Two major applications for microarray technology involve examining gene sets for pathway analysis, and examining differentially expressed genes between two or more experimental conditions (Kauffmann and Huber, 2010). Gene set enrichment analysis (GSEA) involves taking a gene list, ranked according to the difference in expression between the phenotypes or treatments being investigated. The goal of GSEA is to determine whether members of specific gene sets (grouped on functional similarity), are ranked together towards the top or bottom of the list. GSEA therefore indicates whether a correlation exists between differential expression of that set of genes, and the specific phenotype being investigated (Oron et al., 2008; Subramanian et al., 2005). This pathway analysis approach to dissecting disease is complimented well by proteomic approaches which can similarly be used for pathway analysis.
The second of the two applications involves performing microarray analysis on gene sets from multiple experimental conditions, and can be used to identify differentially expressed genes in differing disease states. This ‘shotgun’ style approach to genome analysis can yield previously unknown information about the regulation of disease states at the transcriptional level, which can have important implications for understanding the pathophysiology of disease. The set of differentially expressed genes can also be used for a diagnostic approach to the disease. Applying Bayesian Linear statistical modelling to gene sets allows for selection of a relatively small gene set which can characterise the particular biological state of the cell or tissue being investigated (Smyth, 2004). This process statistically evaluates which set of genes have the greatest differential expression between the conditions tested, and identifies a ‘fingerprint’ indicative of the biological state of the cell or tissue involved, known as a gene expression signature (GES). Previously, GESs have been applied to the field of cancer research, for applications such as classifying tumour types and predicting tumour response to chemotherapy. By classifying tumours into distinct types, and with knowledge of how each type will respond to particular therapies, clinicians are therefore able to treat patients more effectively by personalising treatment regimes (Lee et al., 2007). Personalised medicine approaches such as this are becoming increasingly important tools in fighting diseases and the use of GES are likewise increasing in disease research.
5. Gene expression signatures
5.1. Gene expression signatures as a diagnostic tool
First described in 2000, GESs were developed in the field of cancer research. The differences in patient response to therapies led researchers to believe that groups of cancers that were not able to be histologically characterised were actually a heterogeneous group of tumours. Seeking a non-biased method for classification, gene expression data was investigated to search for patterns which could differentiate classes of B-cell lymphomas with differing patient survival rates (Alizadeh et al., 2000). The main outcome of the study was the finding of two subgroups, classified on the basis of differential gene expression of hundreds of genes, with differing survival outcomes for patients. This early study was instrumental in highlighting the use of gene expression data as a disease classification tool. The power of the GES approach is that entire genome datasets are narrowed down to the smallest number of genes capable of robustly characterising differences between biological samples. Using complex statistical analysis of large datasets, the prediction power of these small subsets of genes has been shown to be equivalent to the whole dataset. Once developed, the GES tool allows for rapid, reliable characterisation of various cellular states, which has a number of important applications.
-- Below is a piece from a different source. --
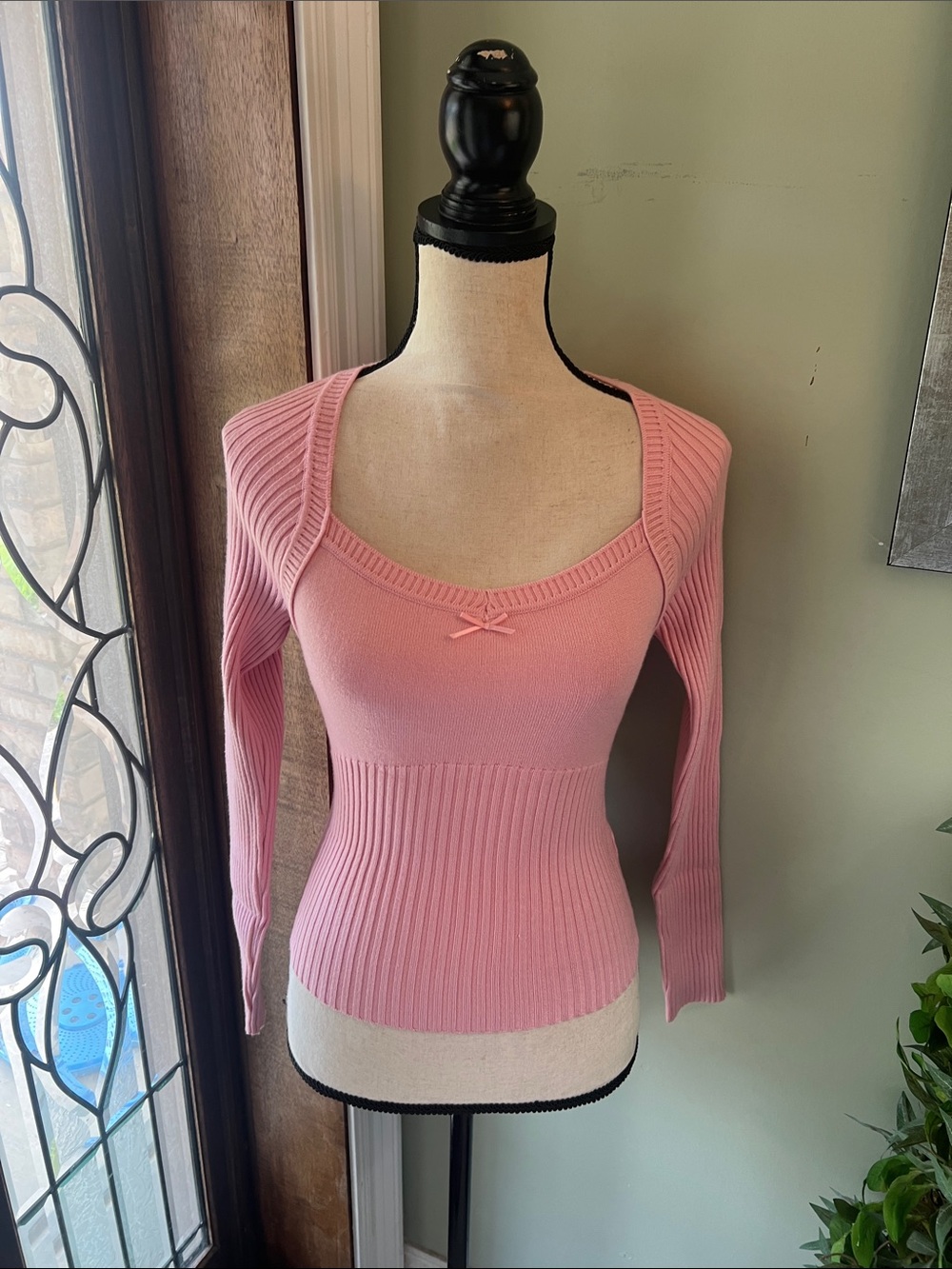 Willow & Wind Ribbed Scoop Neck Sweater with Bow Detail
Accurate classification of disease states plays a vital role in diagnosis and treatment. GESs have been successfully used in a number of different cancer types including breast (Nuyten et al., 2008; van de Vijver et al., 2002), gastric (Cui et al., 2011), lung, colon and ovarian cancer (Mettu et al., 2010) to aid in prediction of survival, and to guide clinicians in choice of treatments for their patients. Recently, GESs have even been applied to predicting the likelihood of side effects in patients treated by acute radiotherapy (Mayer et al., 2011).
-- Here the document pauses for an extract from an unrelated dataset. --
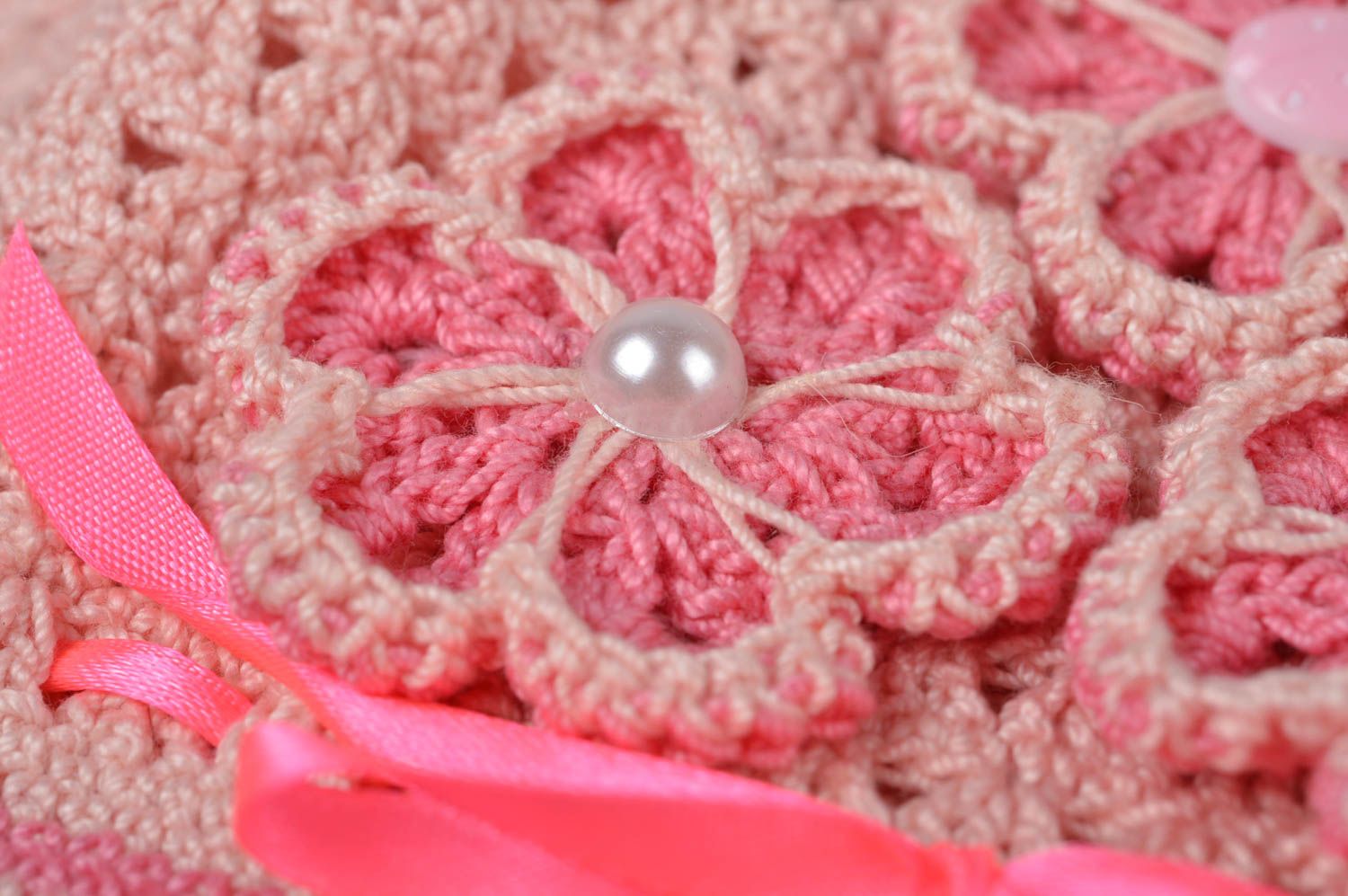 Bonnet fille fait main Bonnet tricot rose en coton avec fleurs Vêtement enfant photo 4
Using GES technology for prediction and/or classification however represents only part of its potential. The use of GESs for the discovery and development of new therapies is perhaps the most promising application of this technology. The use of GESs to develop new therapies is especially powerful when a specific endpoint is known, but intermediate signalling steps or the molecular targets have not been identified. Provided a model for the disease of interest has been developed, high throughput screening of small molecule libraries can be performed by assessing the effects of those agents on the mRNA levels of the genes identified as the GES. The GES approach has been used in a number of cancer models to identify new therapies, which have increased efficacy over current treatments. For acute myelogenous leukemias, the identification of inducers of terminal differentiation has opened up new therapeutic avenues previously unavailable (Stegmaier et al., 2004). For the treatment of Ewing sarcomas, the targeting of the EWS/FLI oncoprotein had previously been unsuccessful with screening approaches, until the GES approach was used successfully to identify cytosine arabinoside as a modulator of the EWS/FLI oncoprotein (Stegmaier et al., 2007).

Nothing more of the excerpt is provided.